Prayer was one factor in dealing with the forced pause, with the bishop describing a lively negotiation with the Holy Spirit to finish the race, recalling the prayer of blessing he had received from Catholic Pastoral Centre staff, led by Dianne Anderson of the Restorative Ministry Office.

“I called on the Holy Spirt to ‘carry out the blessing’. I said to the Holy Spirit: ‘I realize that there is some pride and ego speaking, but I want to finish this race!. These our your legs Lord, so, please, heal my legs to that I can finish this race – many are praying and supporting this.’  Well, the Holy Spirit came through…  it took some time and much pain to keep moving, but the legs un-seized enough so that I could keep moving and finish. I could even muster a bit of a ‘sprint’ at the finish line – for the sake of finishing well for the crowd.”

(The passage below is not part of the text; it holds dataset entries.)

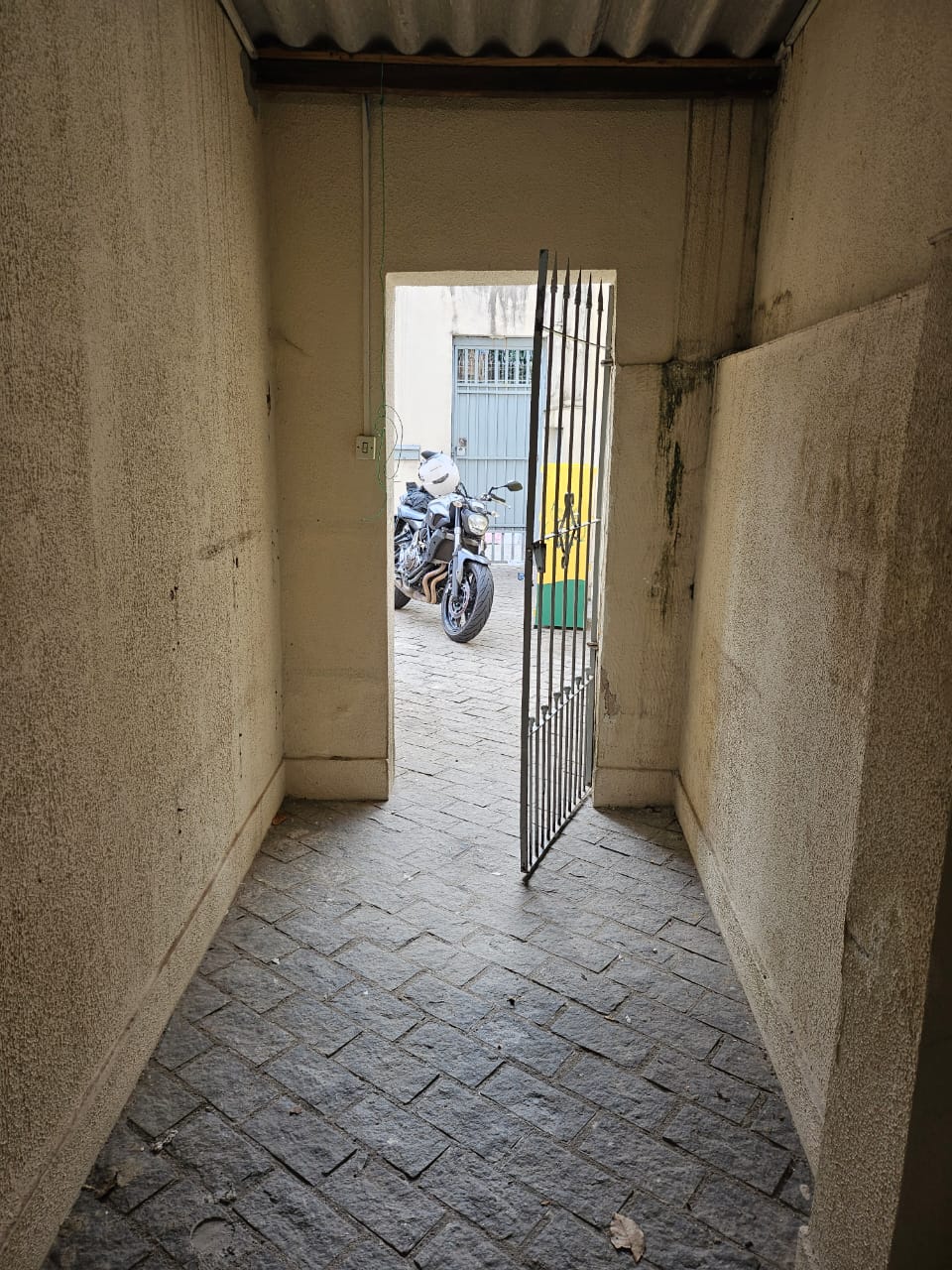 Imagem Ponto Comercial para Alugar, 180 m²em Indianópolis - São Paulo 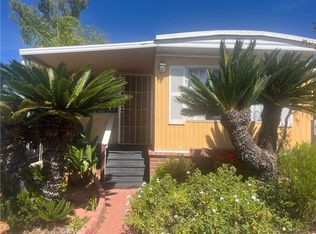 1120 E Mission Rd SPACE 20, Fallbrook, CA 92028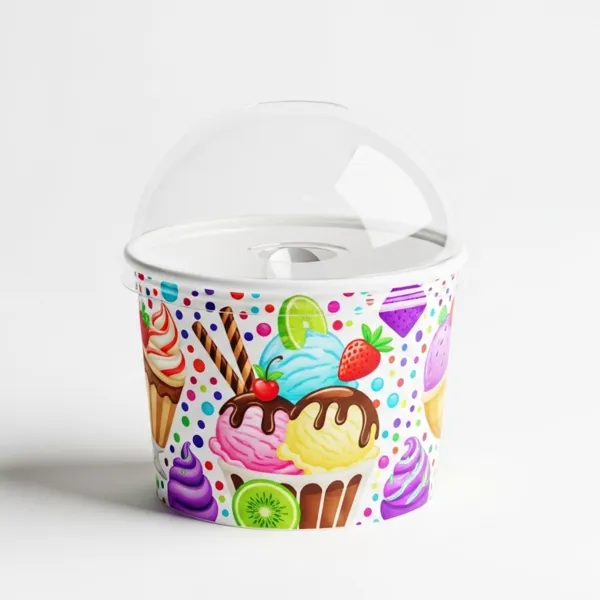 disposable-ice-cream-cups-2.webp
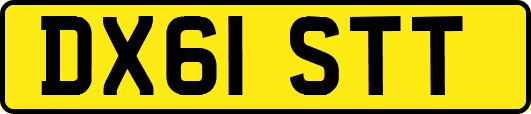 DX61STT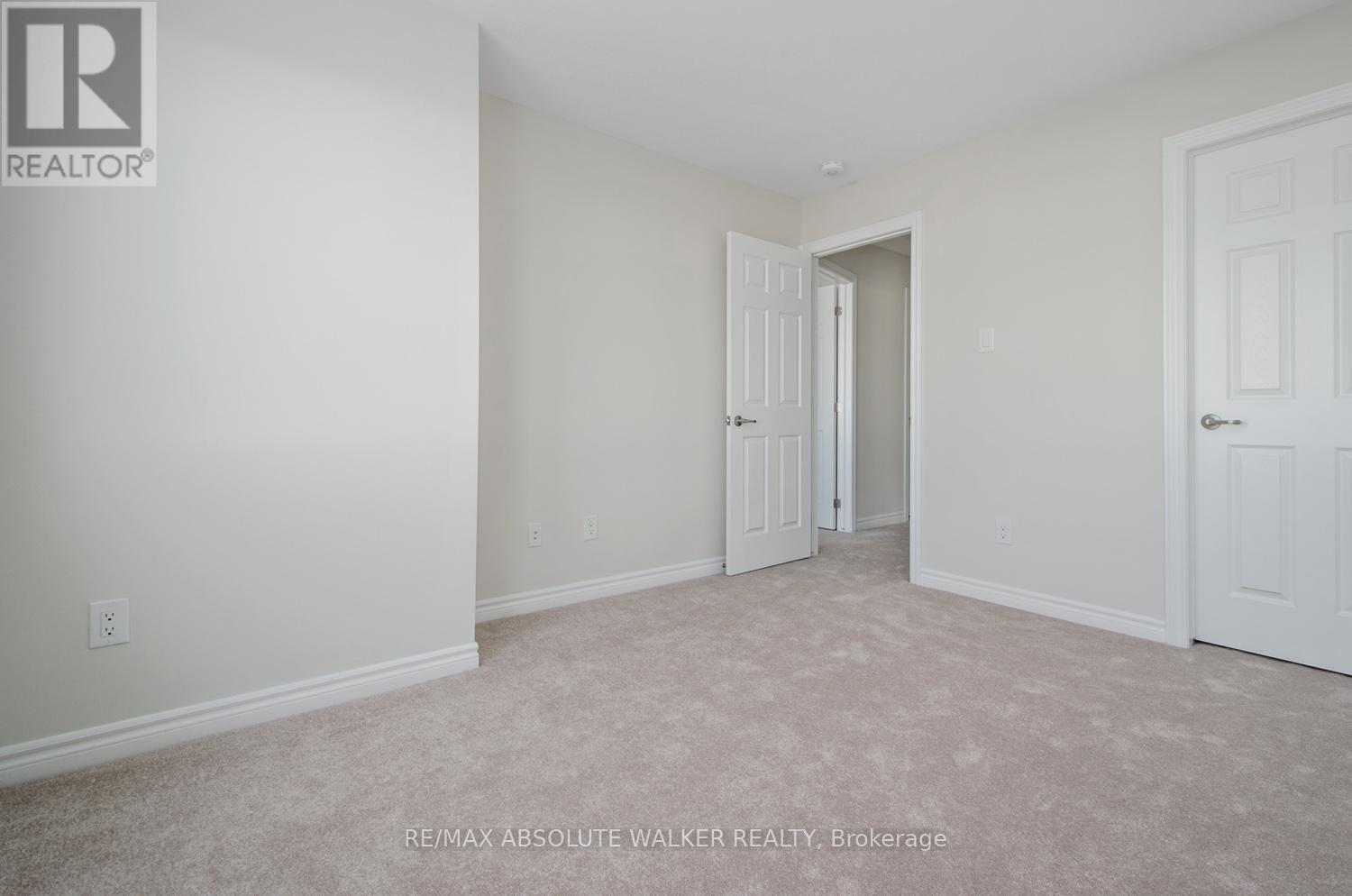 376 Willow Aster Circle, Ottawa, Ontario  K4A 1C8 - Photo 22 - X12310551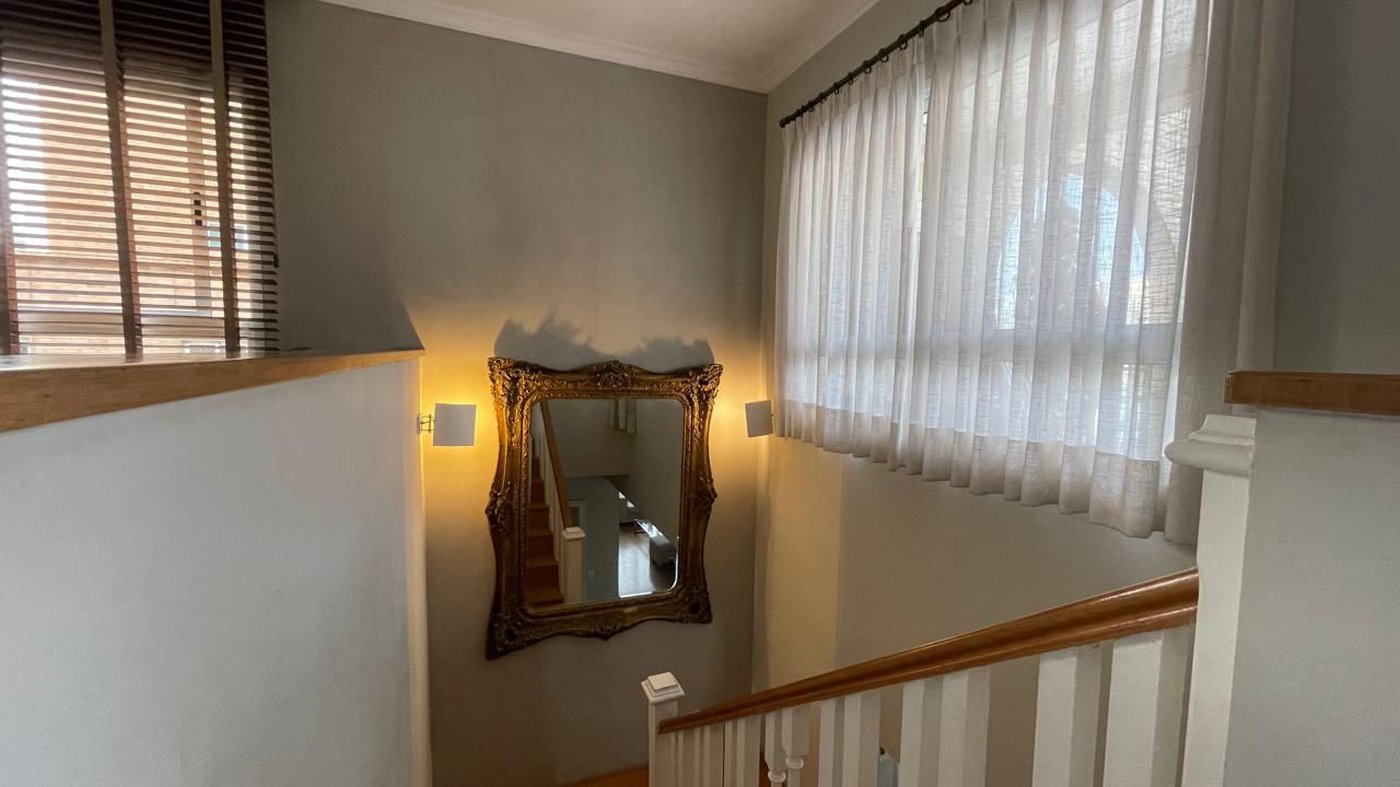Cobertura com 3 dormitórios à venda, 437 m² por R$ 4.799.999,99 - Gonzaga - Santos/SP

The bishop crossed the finish line just under nine-and-a-half hours after embarking on the run. Of the 159 participants registered for the “Beaver Flat 50,” 89 completed the race.

Hagemoen donned an orange shirt as he finished the run, a sign of solidarity and support for those who attended residential schools, and for ongoing healing and reconciliation efforts.

In addition to the negotiation with the Holy Spirit during his moment of crisis on the run, the bishop reported that he prayed five rosaries during the event, with a recurring reflection on the similarities between a runner embarking on a difficult trek and the long and hard process of healing and reconciliation.

The province-wide fund-raising Catholic TRC Healing Response appeal was launched by the Catholic Bishops of Saskatchewan to “support Residential School survivors and their communities, and to engage more deeply in our own ongoing commitment and response to the Truth and Reconciliation process,”  through consultation and collaboration with Survivors, Elders, Knowledge Keepers, Chiefs, and other affected community members. To learn more or to make a gift, go to:

“I extend my genuine thanks to members of Immaculate Heart of Mary Parish in Elrose, SK, for their generosity and effort in arranging the trip and providing accommodations to enable me to take on the challenge of the 50-km Trek – including Irene Brown and Gerald MercierJim and Fr. Habila Musa,” said Bishop Mark Hagemoen. “I also want to thank Reagan King for volunteering his time to drive the racers to-and-from the event, and for providing vital aid station support on the course.”

For more information on the Truth and Reconciliation Healing Fund, please visit



(Editor’s Note:  Reagan King was the volunteer “driver and support person” for Bishop Mark Hagemoen and Jerome Montpetit on Sept. 18, assisting and enabling them to tackle the recent 50-km “Beaver Flat 50” event. A law student at the University of Saskatchewan, King also works part-time at the Catholic Pastoral Centre.)